Russia is preparing to launch a fresh assault in eastern Ukraine to try to take the city of Kharkiv and encircle the country’s heavily fortified eastern front line, Ukraine’s defense ministry said on Monday.
Separately, U.S. President Joe Biden's national security adviser Jake Sullivan also said Russia probably plans to deploy tens of thousands of soldiers in eastern Ukraine as it shifts its focus to the country's south and east.
Russia was attacking the towns of Rubizhne and Popasna in the Luhansk region to lay the way for an assault on the regional capital of Severodonetsk and also massing forces to capture the besieged port of Mariupol, Ukraine's defense ministry spokesperson Oleksandr Motuzyanyk said.
Severodonetsk and Mariupol lie at the northernmost and southernmost ends of Ukraine’s several-hundred-kilometer “line of contact,” the cease-fire line that Ukrainian forces have held against Russian-backed separatist forces in Donbass since 2015.
"At this juncture we believe Russia is revising its war aims" to focus on "eastern and parts of southern Ukraine rather than target most of the territory," Sullivan told reporters at the White House on Monday.
The goal was likely to "surround and overwhelm" Ukrainian forces in the region, he said. "Russia could then use any tactical success it achieves to propagate a narrative of progress and mask ... prior military failure."
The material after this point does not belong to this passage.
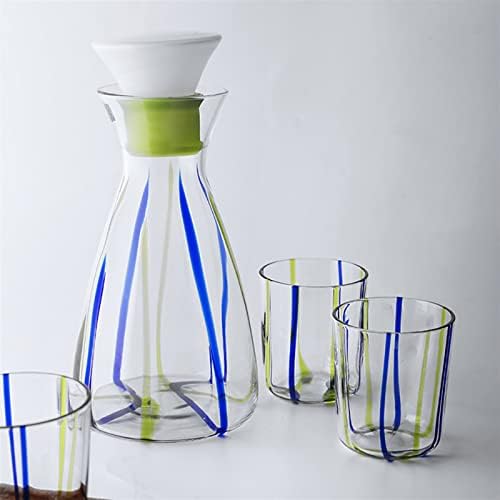 מים Carafe זכוכית קר סיר עם 4 כוסות ברורה מים קרים קנקן המיץ המגיש משקאות הביתה Drinkware בקבוק מים סטים עם מכסה קנקן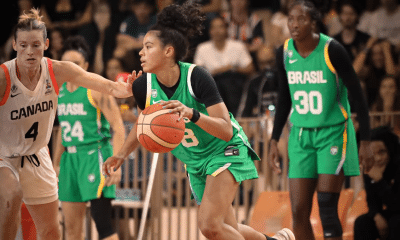 Bella Nascimento em ação contra o Cnadá seleção basquete feminino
Separately, the governor of the eastern Luhansk region also said the Russian troops were preparing for a big attack in the region, urging a mass evacuation.
“We see that equipment is coming from different directions, they are bringing manpower, they are bringing fuel,” Serhiy Gaidai said in a video statement on Telegram.
“We understand that they are preparing for a full-scale big breakthrough,” he added. Gaidai urged residents to leave the region as soon as possible. “Please don't wait for your homes to be bombed,” he said in a separate video.
“Do not hesitate,” he added, specifying that 1,000 people had been evacuated on Monday.
A senior Pentagon official on Monday said Russia has removed about two-thirds of the troops it had around Kyiv – who were mostly sent back to Belarus with plans to redeploy elsewhere in Ukraine.
Motuzyanyk said Russian units were moving out of Belarus and into Russia, and Moscow was readying fuel and ammunition stockpiles in areas bordering east Ukraine.
Russia was also preparing medical facilities for a potential influx of casualties among its troops, he said at a briefing.
Russian President Vladimir Putin's invasion, which began on Feb. 24, is Europe's bloodiest since World War II. Russia calls it a "special military operation" aimed at protecting civilians.
Sullivan said the Biden administration would announce fresh military assistance for Ukraine in the coming days. He said further sanctions against Russian energy are on the table in talks with European allies.
Sullivan said the next phase may be protracted with Russian troops outnumbering Ukraine's. Moscow would likely seek to control a far broader swath of eastern Ukraine than separatists controlled prior to the invasion, he said.
In the south, Russia will likely seek to hold the city of Kherson to control the flow of water to Crimea, which it annexed in 2014. He said the Kremlin was expected to launch further air and missile strikes across the rest of the country.
Biden on Monday accused Putin of war crimes and called for a trial, adding to the global outcry over civilian killings in Bucha, a town recaptured by Ukrainian troops as Russian forces regrouped.
Russia categorically denied murdering civilians, including in Bucha. Its U.N. envoy Vassily Nebenzia promised Russia would present "empirical evidence" to the Security Council that its forces had not been killing civilians.